#### WHAT YOU NEED TO DO
From the data below, set down exactly the lines between the one holding "Dark-colored 1992 Ford" and the one holding "A client in", inclusive, and no others.

#### DATA SHOWN

┏━━

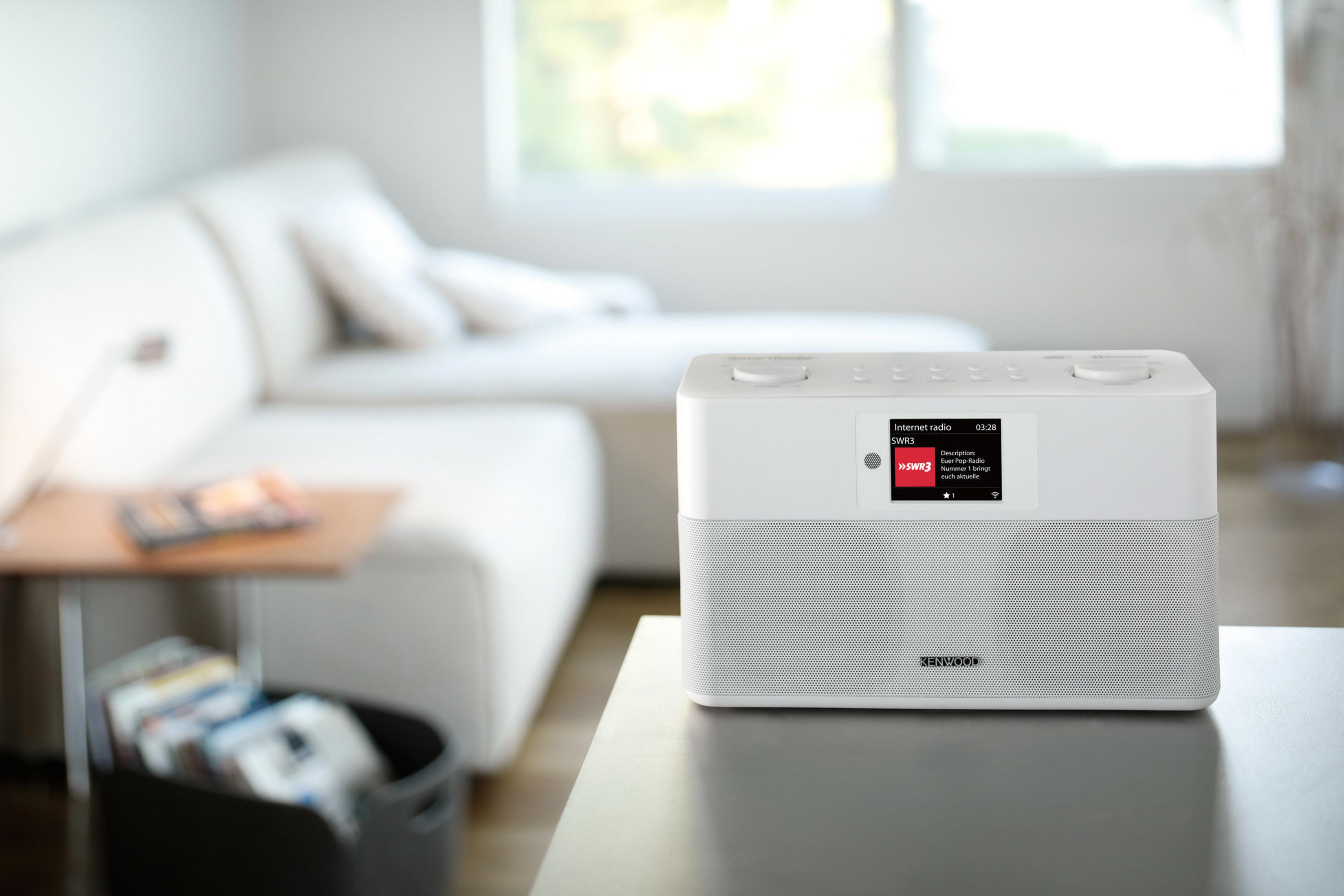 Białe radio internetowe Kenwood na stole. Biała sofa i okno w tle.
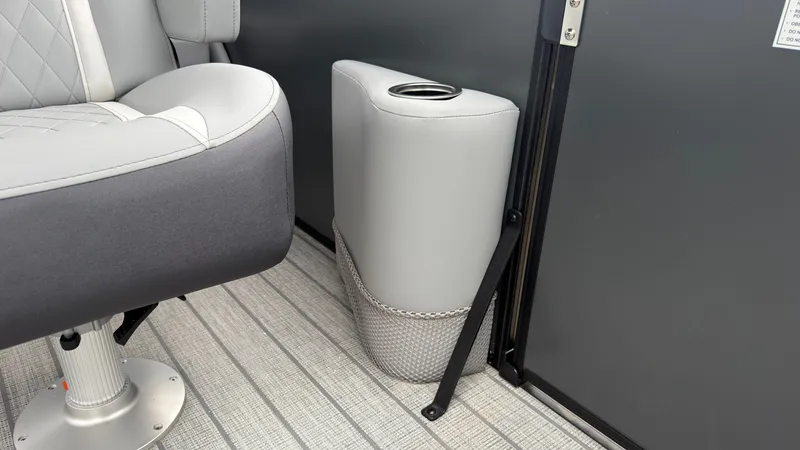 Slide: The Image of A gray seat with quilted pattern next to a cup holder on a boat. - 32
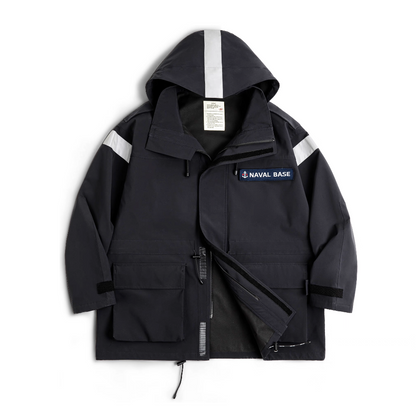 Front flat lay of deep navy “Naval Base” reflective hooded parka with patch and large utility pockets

┗━━
┏━━

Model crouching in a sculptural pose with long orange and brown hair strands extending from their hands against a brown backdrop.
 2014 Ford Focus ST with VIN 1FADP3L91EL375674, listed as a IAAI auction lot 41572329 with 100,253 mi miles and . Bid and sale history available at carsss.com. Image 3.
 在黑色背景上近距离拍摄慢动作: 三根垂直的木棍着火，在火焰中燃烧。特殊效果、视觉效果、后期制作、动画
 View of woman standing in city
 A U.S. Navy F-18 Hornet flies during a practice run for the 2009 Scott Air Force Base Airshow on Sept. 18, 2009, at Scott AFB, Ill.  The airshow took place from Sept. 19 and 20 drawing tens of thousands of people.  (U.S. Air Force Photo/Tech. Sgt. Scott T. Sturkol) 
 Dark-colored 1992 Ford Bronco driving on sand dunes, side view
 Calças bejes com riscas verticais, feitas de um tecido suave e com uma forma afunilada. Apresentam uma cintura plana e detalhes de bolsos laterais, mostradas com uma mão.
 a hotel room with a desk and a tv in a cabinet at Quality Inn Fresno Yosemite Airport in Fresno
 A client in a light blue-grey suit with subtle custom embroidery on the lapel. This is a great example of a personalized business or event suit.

┗━━

#### EXERCISE OUTPUT
 Dark-colored 1992 Ford Bronco driving on sand dunes, side view
 Calças bejes com riscas verticais, feitas de um tecido suave e com uma forma afunilada. Apresentam uma cintura plana e detalhes de bolsos laterais, mostradas com uma mão.
 a hotel room with a desk and a tv in a cabinet at Quality Inn Fresno Yosemite Airport in Fresno
 A client in a light blue-grey suit with subtle custom embroidery on the lapel. This is a great example of a personalized business or event suit.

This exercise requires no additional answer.